Стиль | страница 2



Лев Толстой в «Войне и мире» еще мог написать: «Вино ее прелести ударило ему в голову». Потому что Толстой до тридцати пяти во многом был романтик: офицер, авантюрист, игрок, лошадник, бабник, любитель приключений. А Чехов был уже беспощадно и исчерпывающе честен до цинизма. И он издевался над штампом «Мороз крепчал».

В начале XX века некоторые французы сказали: хватит этих красивостей. Если идет дождь, то не надо писать: «Холодные серые струи закрыли пространство» и тому подобное, а так и надо написать: «Шел дождь». Каждый и так видел дождь и представляет себе, как он выглядит.

Одни говорили, что это позволяет правдивее, а значит честнее, а значит глубже и богаче, изображать действительность. А другие им возражали, что для этого не надо быть писателем, написать «Шел дождь» может любой чиновник, а задача писателя – написать что-нибудь эдакое, на пределе своих возможностей и читательского понимания, чтоб создавать новое в литературе и раздвигать ее горизонты во все стороны, а также вверх и вглубь.

Пожалуй что вершиной второго направления стал Джойс с его тысячестраничным «Улиссом». Джойс прошелся едва ли не по всем мыслимым стилям и способам литературного изложения, вспомнил в своем романе кучу литературных эпох и способов, и таки создал кирпич-шедевр. А наиболее мощным и характерным выразителем первой точки зрения стал Хемингуэй. Говори только то, что явно есть, и так, каково оно явно есть! И если точно скажешь – читатель почувствует и поймет то, что ты не выразил словами напрямую, а показал через напряжения действительности, через неуловимые нюансы, по жизни известные и понятные читателю тоньше, чем возможно выразить специальными назывными, прямыми словами.

В конце пятидесятых Хемингуэй приземлился в советскую литературу, как космический корабль на рыночные лотки.

Ведь революция и Гражданская война разломила русскую литературу на две неравные половины с неравной судьбой.
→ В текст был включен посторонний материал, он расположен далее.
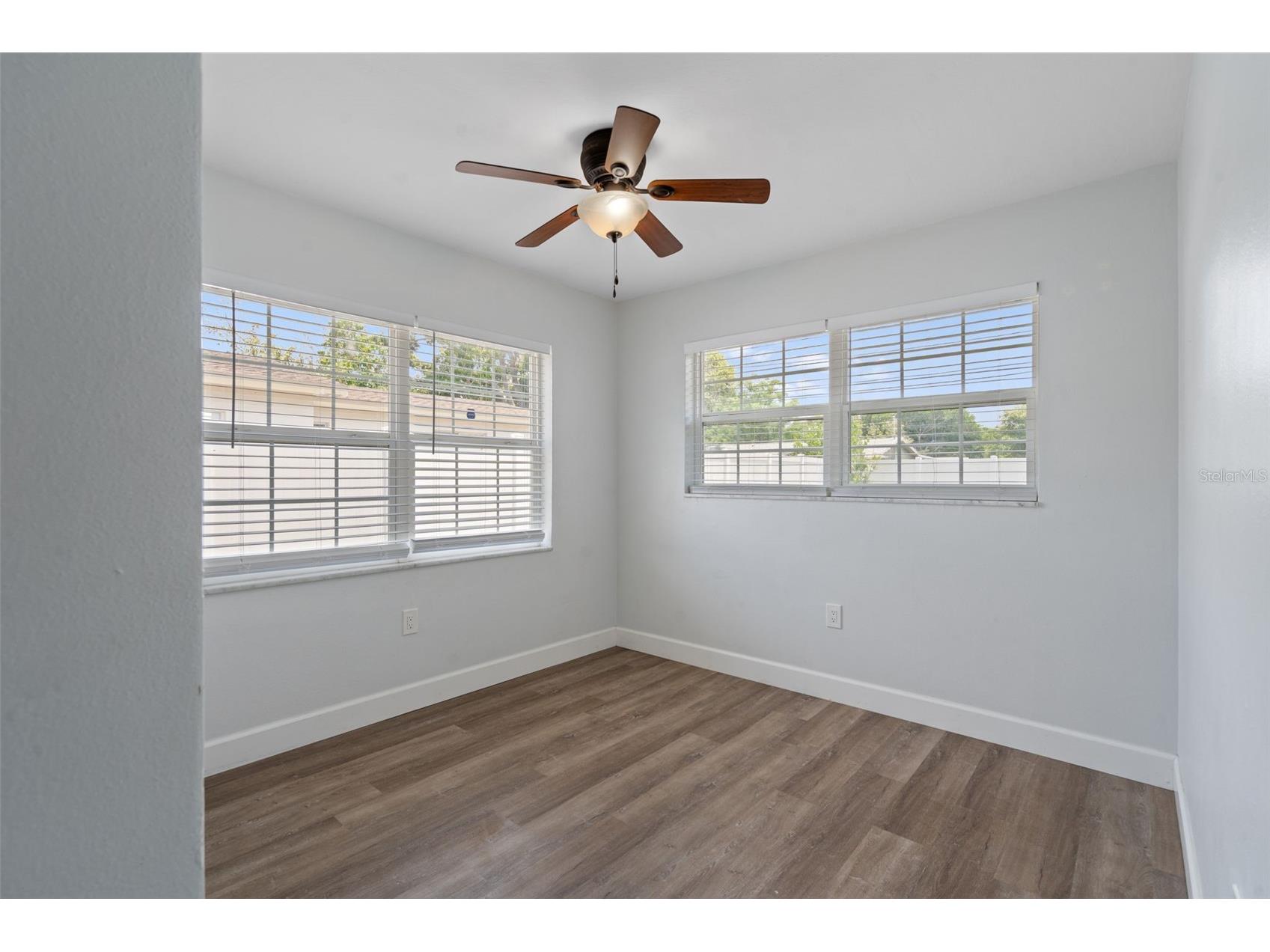 5690 6th Street S Saint Petersburg FL 33705 TB8506290 image26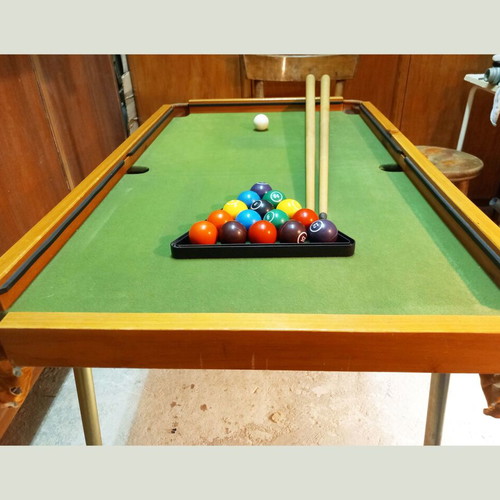 Children's wooden billiard table complete with balls, like new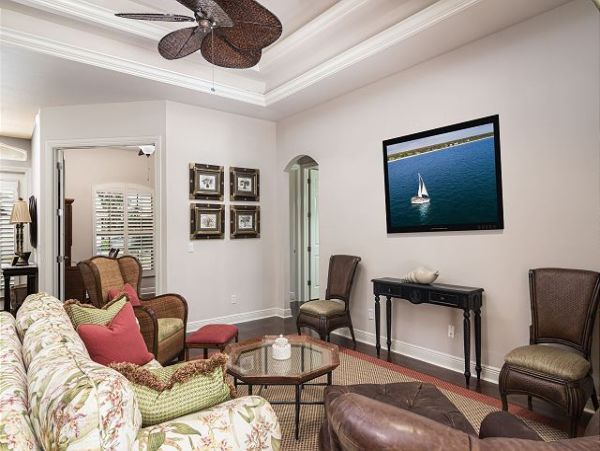 Luxury  Pool Marco Island Vacation Three bedroom Home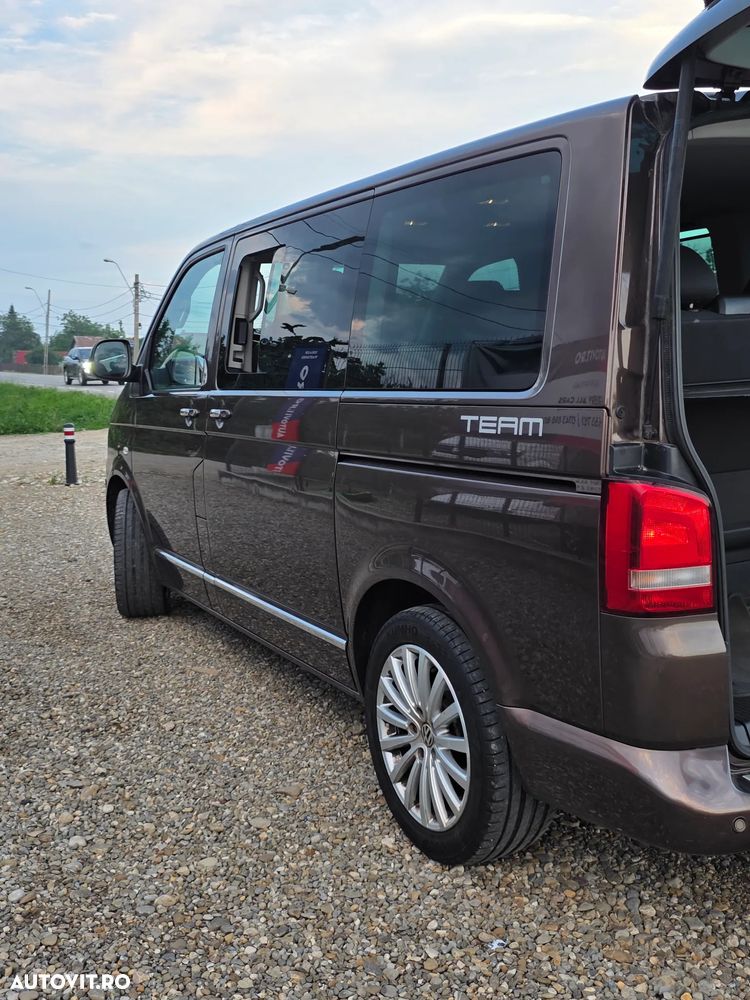 Volkswagen Multivan - 31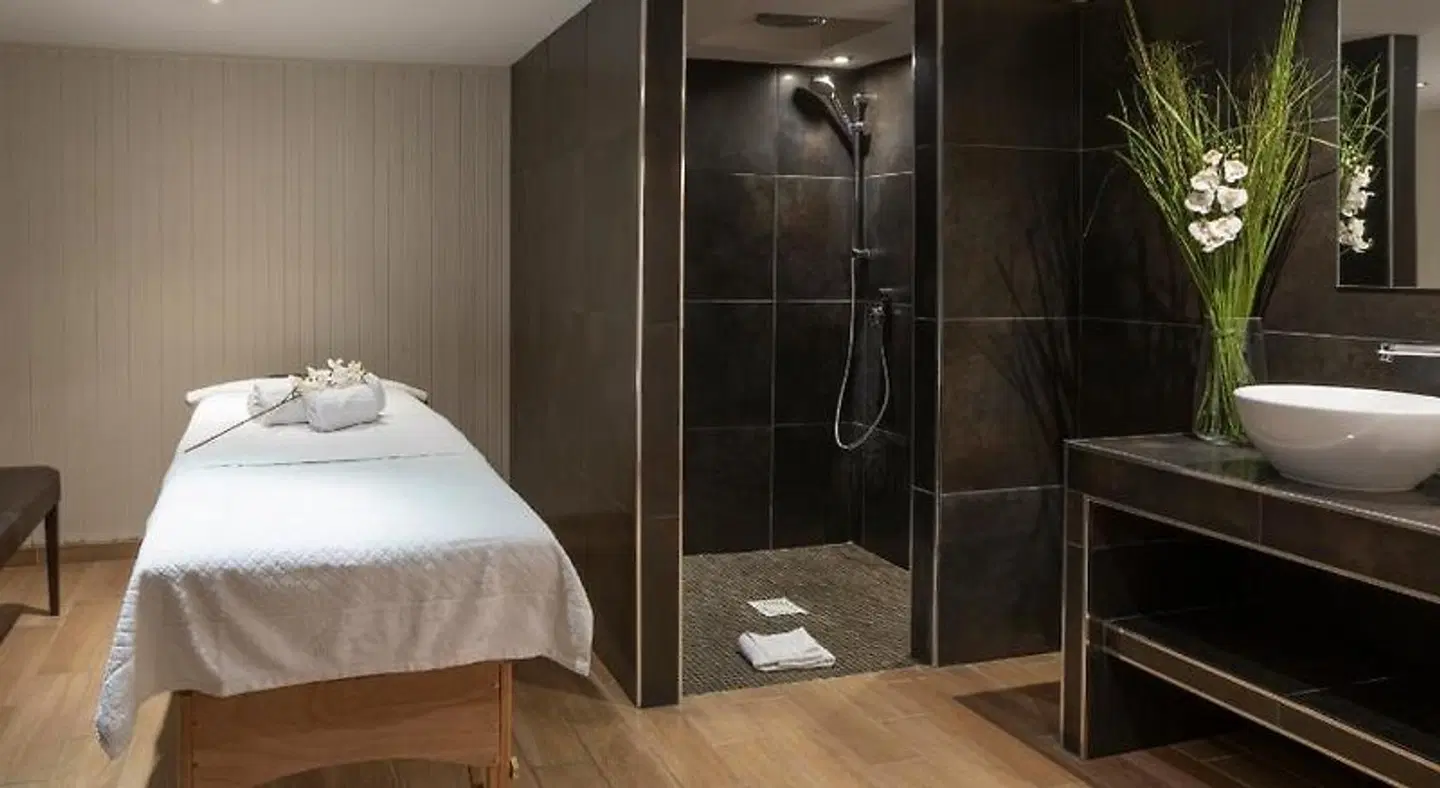 Best Western Plus Hôtel Villa D'est Badezimmer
Эмигрантская половина доживала то, что набрала на родной земле, и тихо иссякала на месте; разве что двуязычный Набоков, спортсмен-космополит, жил и писал сам по себе. А в советской литературе изначально пустил корни «социалистический романтический экспрессионизм». Жестокая романтика. Идея, кровь, надежда, самопожертвование, рождение нового мира. Молодые советские писатели в это верили, этим жили, об этом писали: Всеволод Иванов, Бабель, Лавренев, Фадеев.

Потом в тридцатые годы всех прикрутили, в сороковые повыморили, в пятидесятые письменники уже сами строились по свистку в шеренги, а на правом фланге – секретариат: Бубенновы, Павленки, Панферовы, Кочетовы и хрен знает кто там еще. Уровень их таланта был несколько ниже поверхности луж, воспитывались они на советской классике, и стиль их был стилем как раз бездарных чиновников, подражающим революционным романтикам. Везде были эпитеты, горячие чувства, гневные речи, трепетные любови и беззаветные преданности делу, которому мы служим. И хотя народ был оболванен, ибо народ по определению существует для оболваненности, просто формы ее бывают разными, так вот по-советскому оболваненный народ отчетливо сформулировать для себя не мог, но смутно чуял и инстинктивно понимал, что книжки книжками – а жизнь, знаете, жизнью.